**BRIEF**
Return each line exactly, from the one that has "Elderberry Extract" through the end of the entries, both ends included. Pictures do not belong.

------------------------------

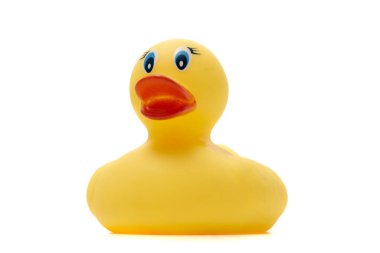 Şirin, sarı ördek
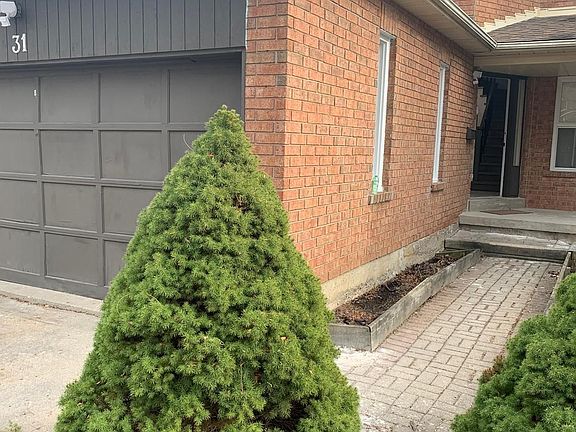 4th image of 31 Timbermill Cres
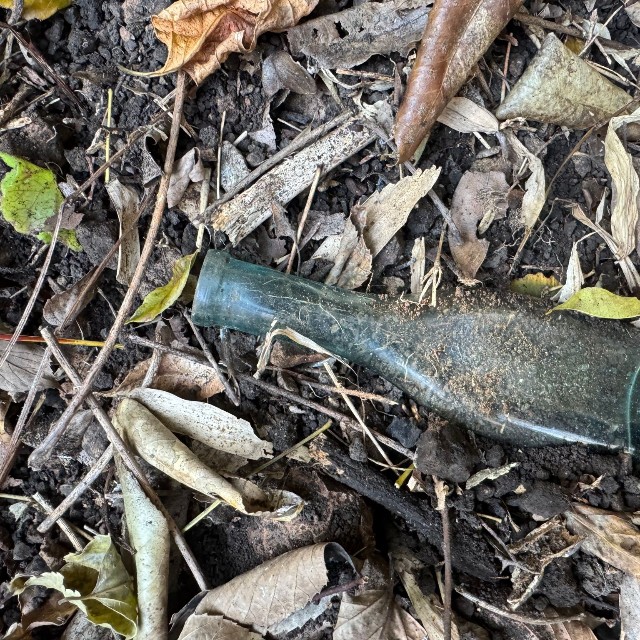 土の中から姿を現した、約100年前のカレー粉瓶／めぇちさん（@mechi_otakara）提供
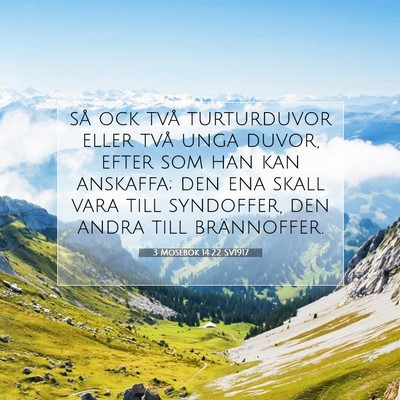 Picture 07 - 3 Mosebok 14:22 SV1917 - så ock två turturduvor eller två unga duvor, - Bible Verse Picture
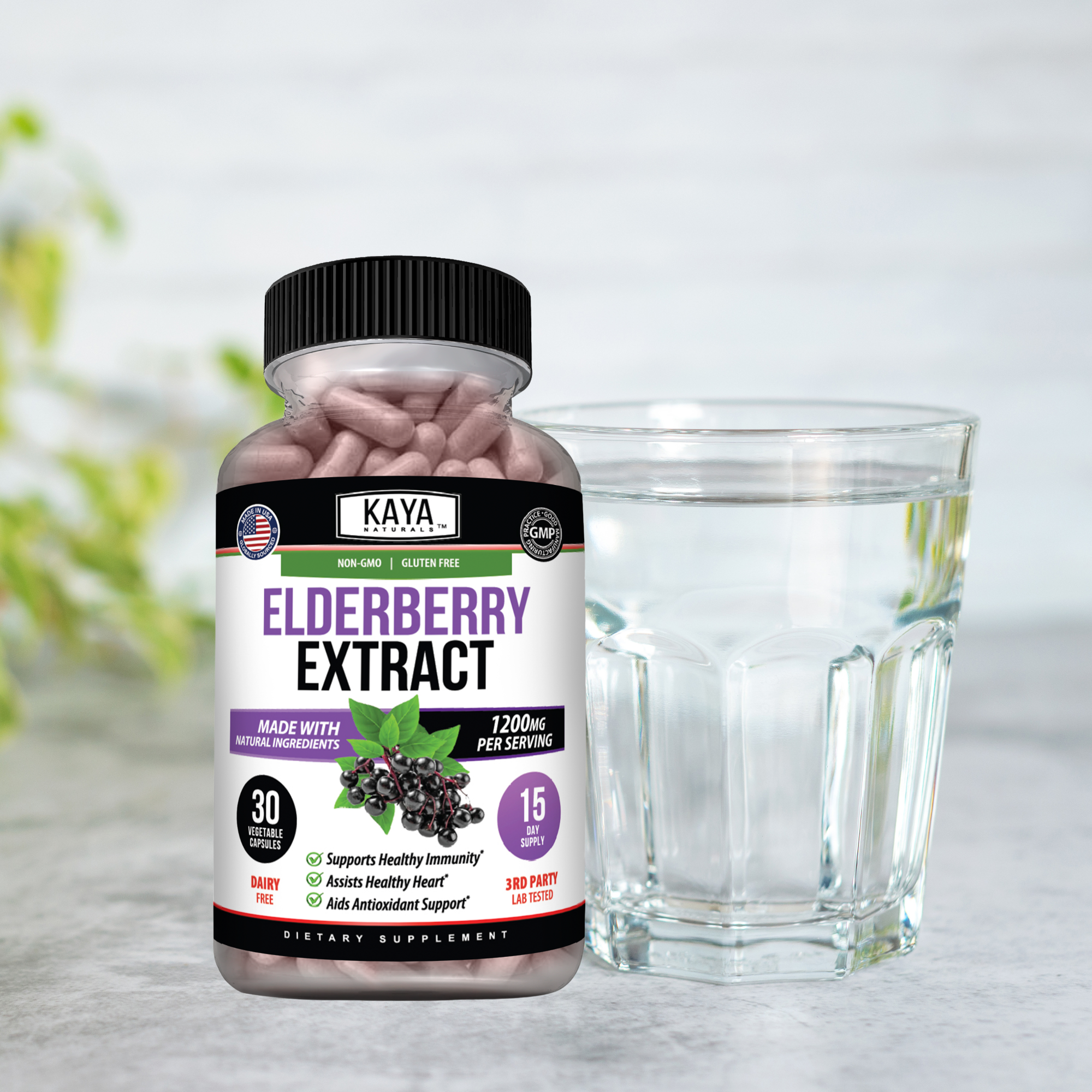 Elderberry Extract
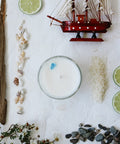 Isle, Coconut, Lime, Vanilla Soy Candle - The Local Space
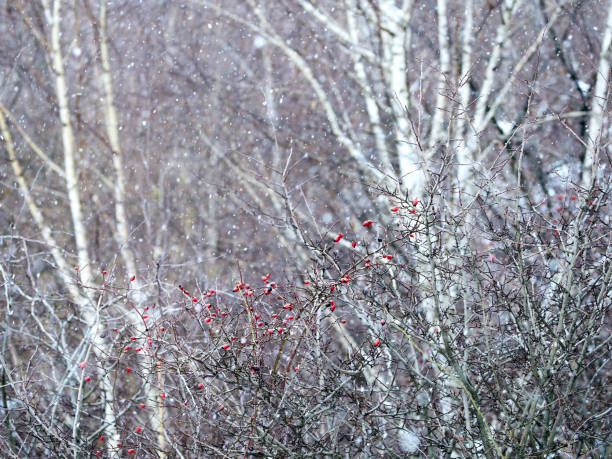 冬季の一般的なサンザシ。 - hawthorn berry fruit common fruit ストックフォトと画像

------------------------------

**ANSWER TO THIS TASK**
 Elderberry Extract
 Isle, Coconut, Lime, Vanilla Soy Candle - The Local Space
 冬季の一般的なサンザシ。 - hawthorn berry fruit common fruit ストックフォトと画像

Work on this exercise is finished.